At InMobi, we do not mediate, we are not a platform for publishers. We work with Google, Twitter, and every other partner out there.
You can’t say the same about others – Google does not work with Facebook; Facebook does not work with Twitter, etc. We’ve consciously taken a call not to compete with them but to work with them. We are integrated with all the players in the market, and we are transparent when it comes to our offering to the publishers. That is how we primarily differentiate ourselves from other players in the market.
How do you establish an innovation culture in your company?
Every person at InMobi has an entrepreneurial spirit and there are so many ideas around that it is pretty much impossible to nurture everything. The founders do a great job picking some ideas and then building big businesses, companies out of it.
As a group company, InMobi has another independent company called Glance. The idea was to tap on a mobile screen that was less utilized, the locked screen. Everybody uses the lock screen. There’s nothing else to do on that screen apart from just unlocking the phone and moving on to what you want to do.
InMobi wanted to capitalize on the time users spent locking and unlocking the phone.
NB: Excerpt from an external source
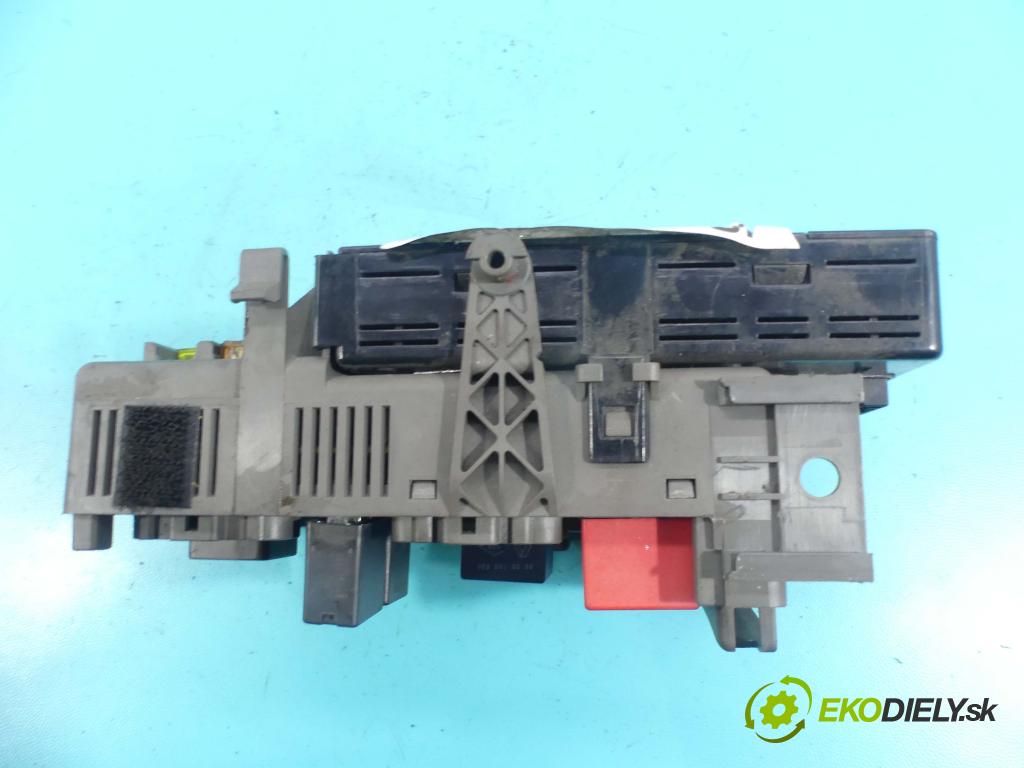 Renault Laguna II 2001-2007 2.0 16v 140 hp manual 103 kW 1998 cm3 5- modul řídící jednotka 8200190269 (Ostatní)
How can we make that more interesting? How to bring content to the lock screen when you keep trying to lock and unlock it? We started showing different stories on the screen of Android phones, things that are relevant to you, things that are happening around you, news and sports articles, and videos on the lock screen. Glance is currently a multi-million dollar company – about a month back, this product and this company raised 150 million dollars from Google. It is the second round of funding.
So, at InMobi, we are working on a lot of innovative, data-driven products. We have a big publishing network, a software development kit, and consistent data. Though, it takes time to bring a new product to the top, where you can scale it up and call it big business in itself.
Thank you Prajwal for the in-depth conversation about innovative and data-driven products from the ad-tech industry.